Growing anxieties about China cause investors to pull money from developing markets.

Bad news from China has sparked a firestorm in the developing countries that feed its vast industrial machine, leaving a swath of economies with few good ways to escape a crunch.

In Indonesia, coal once bound for China is piled up in port. In South Africa, mines that fed China’s voracious demand for metals are firing workers. In financial markets, investors have responded by pulling out.

On Monday, the currencies of Russia, Indonesia, South Africa, Brazil and other commodity exporters tumbled to multiyear lows against the U.S. dollar.

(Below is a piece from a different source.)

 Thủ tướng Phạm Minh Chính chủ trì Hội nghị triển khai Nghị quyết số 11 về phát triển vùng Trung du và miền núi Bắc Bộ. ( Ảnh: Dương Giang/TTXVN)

Stock indexes collapsed.

The Russian ruble hit a seven-month low Monday, and by the end of the main trading session in Moscow it slid to its weakest-ever closing level of 70.9 to the dollar. A year ago, a dollar bought only around 36 rubles.

The weak currencies in these economies present a glum dilemma: Raise rates to defend them, and the economy takes a hit from tighter credit; let them fall, and inflation erodes household budgets. Meanwhile, dollar-denominated debt becomes a bigger burden for many cash-strapped governments and companies.

The blowout in Russia is emblematic of the fragility of economies relying on high raw materials prices supported by China’s long-sturdy demand—and of the tight constraints faced by those countries’ policy makers.

Chinese woes helped trigger a plunge in the price of Russia’s principal export and main source of foreign-currency income, crude oil. That, in turn, has pummeled the ruble.

Russia is doubly vulnerable because it has turned to China as relations with the West have soured over the past two years. Russia is the second-largest supplier of oil to China, after Saudi Arabia, and Moscow has sought to increase trade and investment ties with China, especially in its big energy projects.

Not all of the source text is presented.